You can readily observe that a gesture such as a hand wave or a fist pump (hey, I’m from New Jersey) can be modeled as a sequence of states:

Jersey Shore Fist Pump Gesture States

Statisticians use models to infer truth from observed data. For example, we might want to infer whether or not this douchebag is fist-pumping. A fist-pump model can be developed to give us the probability that he is fist-pumping given the sequence of observation images. Of course, in this case we don’t need a gesture model to tell us that the probability is 100 percent–the douchebag model works just fine.

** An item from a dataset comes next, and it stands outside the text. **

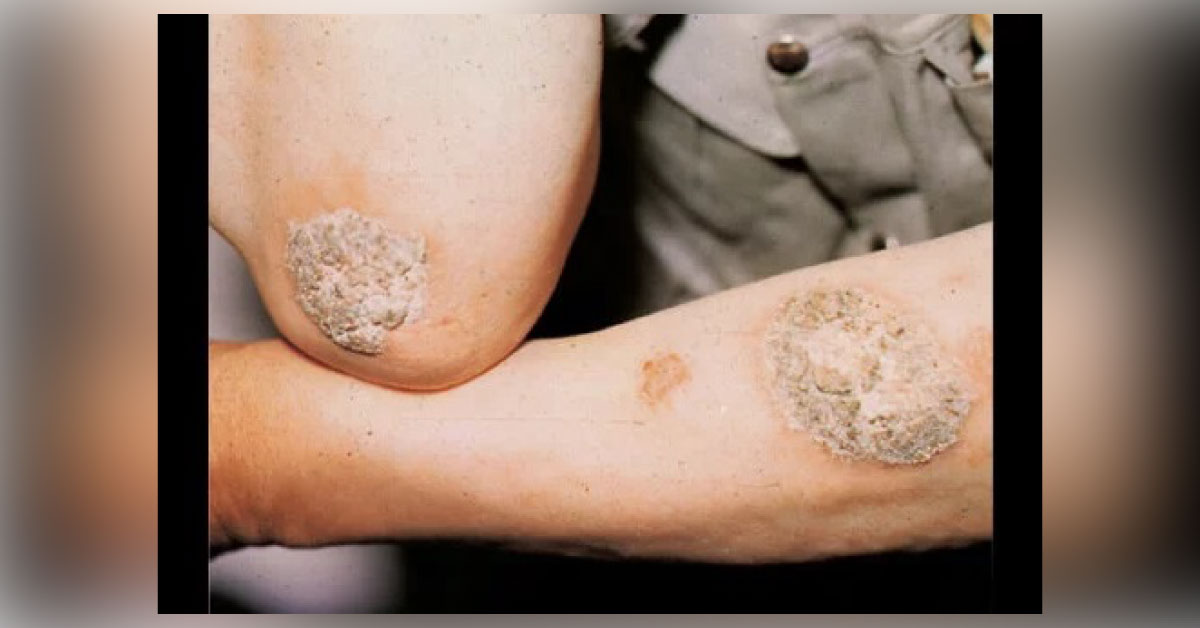 Identify This Infectious Condition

In any case, to do recognition, we need observations, or data. The “subsystem” we’re going to use here to make observations is not the Kinect depth image but rather the hand-point tracking code implemented in PrimeSense’s open-source OpenNI framework for Kinect and Kinect-like sensors. This approach makes it possible for us to reduce our observation data to sequential 3D points (x, y, z) and focus on the recognition task without processing all those pixels. For us, the data to be analyzed will look more like this:

Jersey Shore Fist Pump Hand-Point Gesture States (labeled)

A fist-pump model can be developed to give us the probability that this douchebag is fist-pumping given the sequence of observation images. Of course, in this case we don’t need a gesture model to tell us that the probability is 100 percent — the douchebag model works just fine.

The typical model for a stochastic (i.e. random) sequence of a finite number of states is called a Markov chain or Markov model, and a physical gesture can be understood as a Markov chain where the true states of the model S = {s₁, s₂, s₃, …, s_N } are hidden in the sense that they cannot be directly observed. This type of Markov model is called a Hidden Markov Model (HMM). At each state an output symbol O = {o₁ , o₂ , o₃ , …, o_M } (say, the position of the hand) is emitted with some probability, and one state transitions to another with some probability. With discrete numbers of states and output symbols, this model is sometimes called a “discrete HMM” and the set of output symbols the “alphabet.” We learn the emission and transition probabilities while “training” the model with known gesture data (so this is a supervised learning process) and store these values in the emission and transition matrices (more on this below). Each trained model can then be used to determine with what probability a given gesture appears in test data, where the presence or absence of the gesture is unknown. That is, trained HMMs can be used to recognize gestures! Believe it or not, this stuff actually works.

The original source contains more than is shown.